The designation of blues as “devil’s music”—a notion that has been largely unquestioned since the publication of Paul Oliver’s Blues fell this morning (1960)—imposes Christianity’s dualistic views on the holistic cosmology of an African-derived culture.
The supposed atheism of blues is simply a polemical means of opposing oppression, a stance that does not contradict blues’s fundamentally religious nature.
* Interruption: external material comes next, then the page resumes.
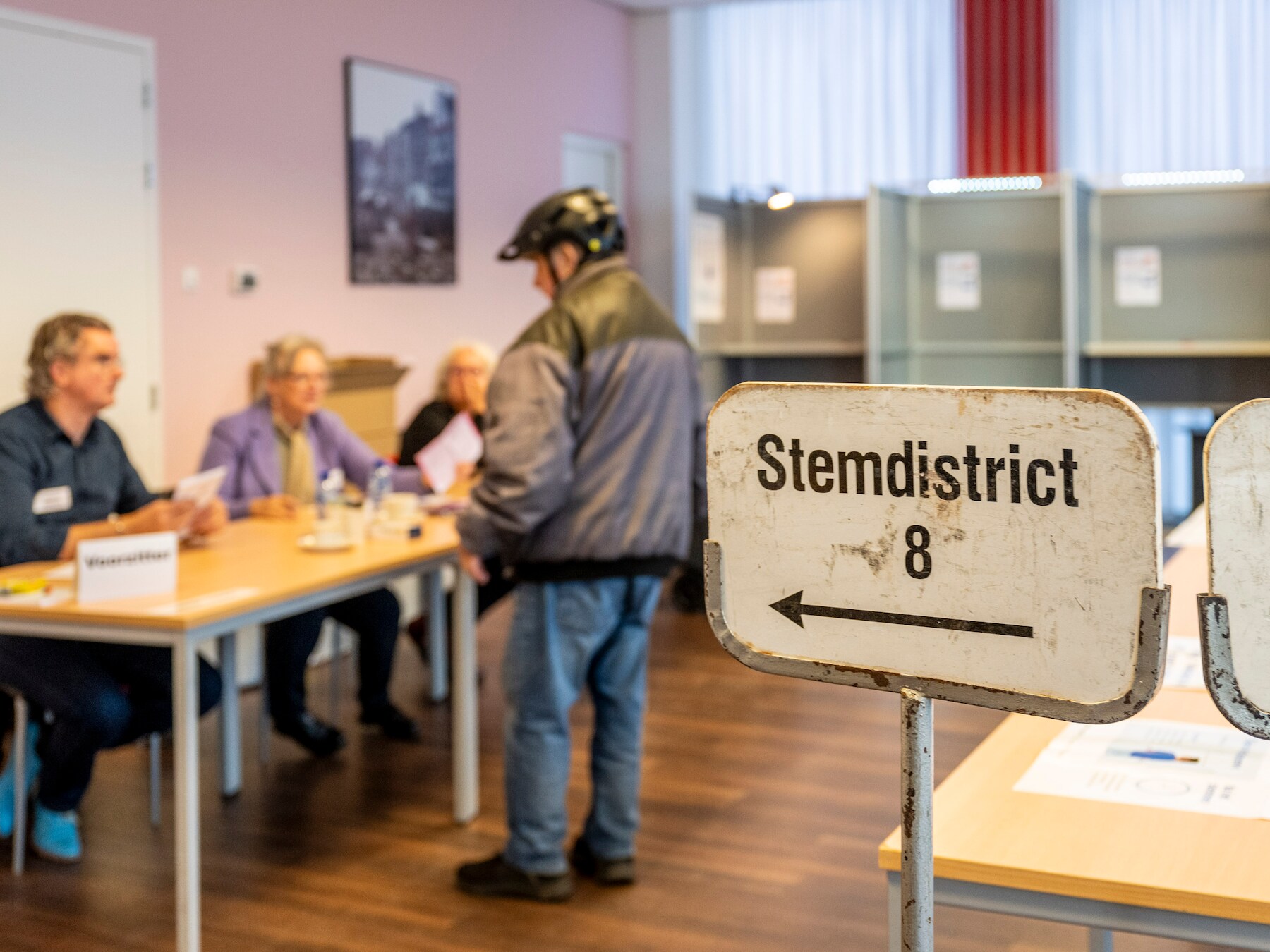 Alaa (26) uit Syrië mag vandaag voor het eerst stemmen: 'In mijn land kan dat niet'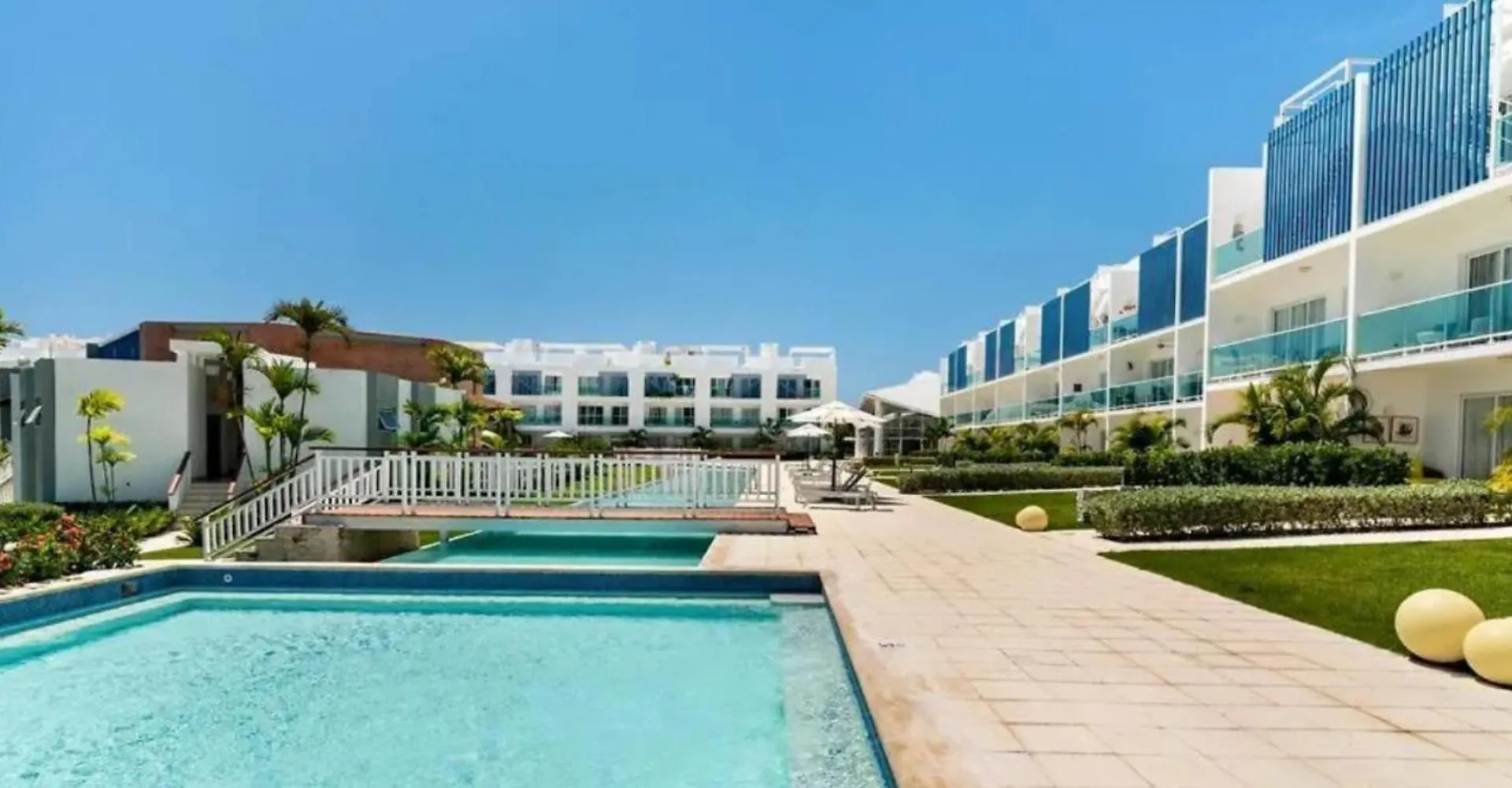 פונטה קאנה Cana Rock Condos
White blues scholars have misrepresented blues by reducing its meaning to the language of ethnomusicology, a theoretical methodology that is not indigenous to the culture of blues; theomusicology, an indigenous approach, offers a deeper understanding of the people who created blues.
This according to “Blues and evil: Theomusicology and Afrocentricity” by Jon Michael Spencer, an essay included in Saints and sinners: Religion, blues and (d)evil in African-American music and literature (Liège: Société Liégeoise de Musicologie, 1996 pp. 37–51).
Above, Reverend Gary Davis, photographed by Bill Smith; below, Blind Willie Johnson’s Jesus make up my dying bed.
Jon Michael Spencer is a major scholar of black music, and he has always been a controversial figure. RILM does not endorse all of the views that we blog about; we simply point to things that we find useful, amusing, or thought-provoking.
What is “Christian dualism”? Christianity is ordinarily suspect of dualistic views of reality, from what I understand.
Good question! One could also note that ethnomusicology is not a single methodology–it has always involved multiple approaches and would welcome theomusicology as yet another.